Anywho, that was a longwinded write up to tell you this: While the world is on a sourdough journey, including across the street from me where Hannah is committing to becoming the world's greatest sourdough baker (and of course my own kitchen, where I'm pumping out 4 loaves of soft baked sourdough sandwich bread weekly), I'm busy making Amish happen.

I was introduced to Amish friendship bread over a decade ago, and I went HAM on it. I even looped in an ex-boyfriend who tried to impress with his own dedication to the craft, but instead irritated me beyond comprehension and accelerated the breakup that had been looming since day 1. But alas, that's another post.

Here's the long and short of this baked good:
it's Amish. It's friendly. It's not super healthy. It's low maintenance. It's delicious.
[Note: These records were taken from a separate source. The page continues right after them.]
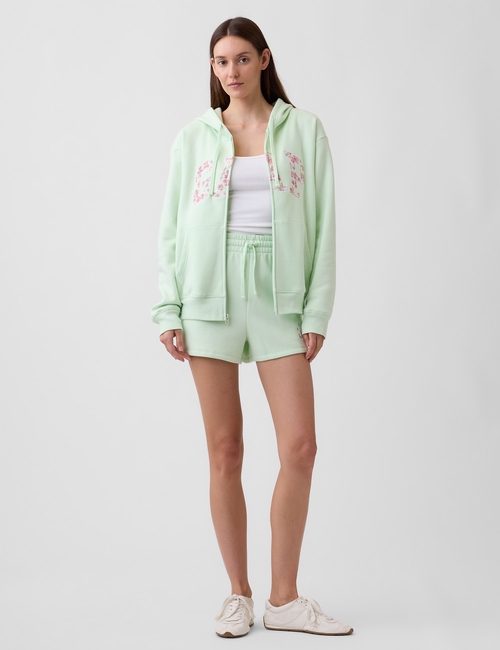 Relaxed Gap Logo Zip Hoodie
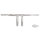 Burly 1-1/4" T-Bar 7" Rise TBW Chrome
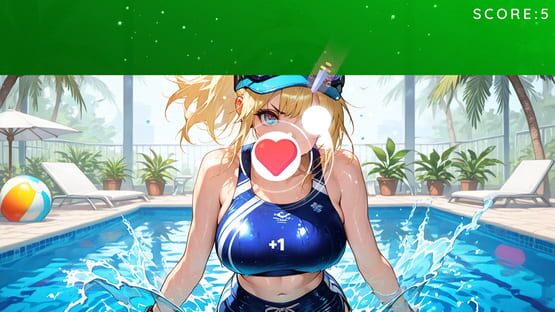 Poolside Girls Kiss: Passion Fruits Hotel Dating Sim screenshot 4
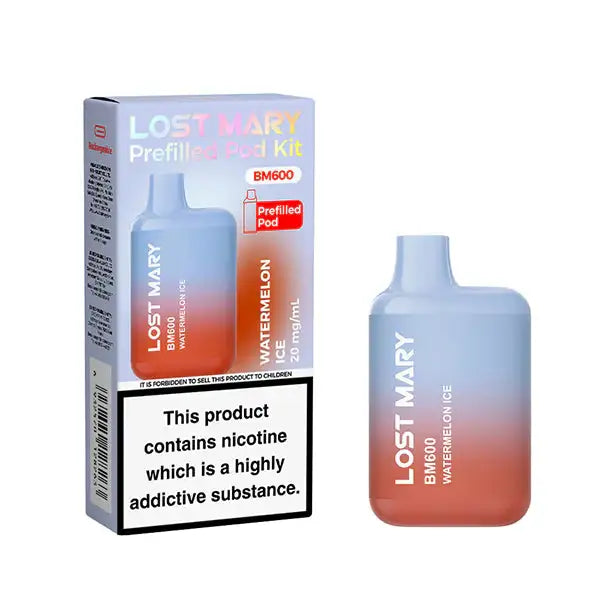 Lost Mary prefilled pod kit with packaging on a white background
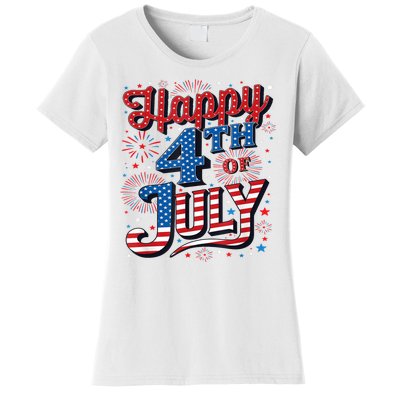 Firecracker Independence Day Happy 4th Of July Gift Women's T-Shirt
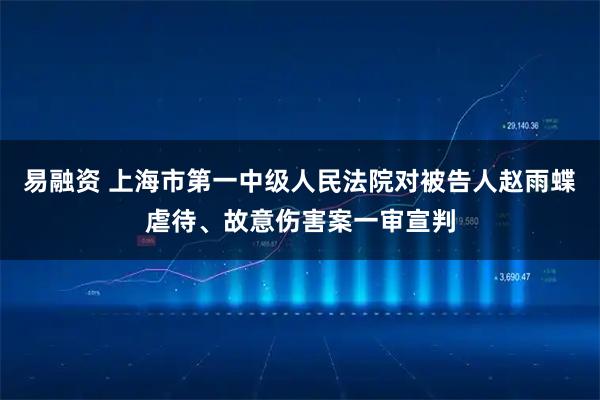易融资 上海市第一中级人民法院对被告人赵雨蝶虐待、故意伤害案一审宣判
Where sourdough tends to be the hot, popular girl at school eager to selfie her newest outfits and nail art, Amish friendship bread is the nerdy kid sister who is hellahot under her turtleneck and transitions lenses*. You can make the starter easily and without guesswork, then all you do is squish the bag of it around for 5 days, feed it without having to weight anything, squish it around some more, then bake it. Baking day yields multiple measures of starter that you can share, hence the friendliness of it (or make like an extreme introvert and throw it away, OR make like an introverted 3w2 and keep all of it for yourself and smugly take care of multiple bags, make 100 loaves, and self-righteously drop them on friends' porches like it was nothing).

If you're looking for an alternative to artisan loafing, become Amish. Like quarantine me.


*this is not a personal commentary on Hannah's transitions lenses.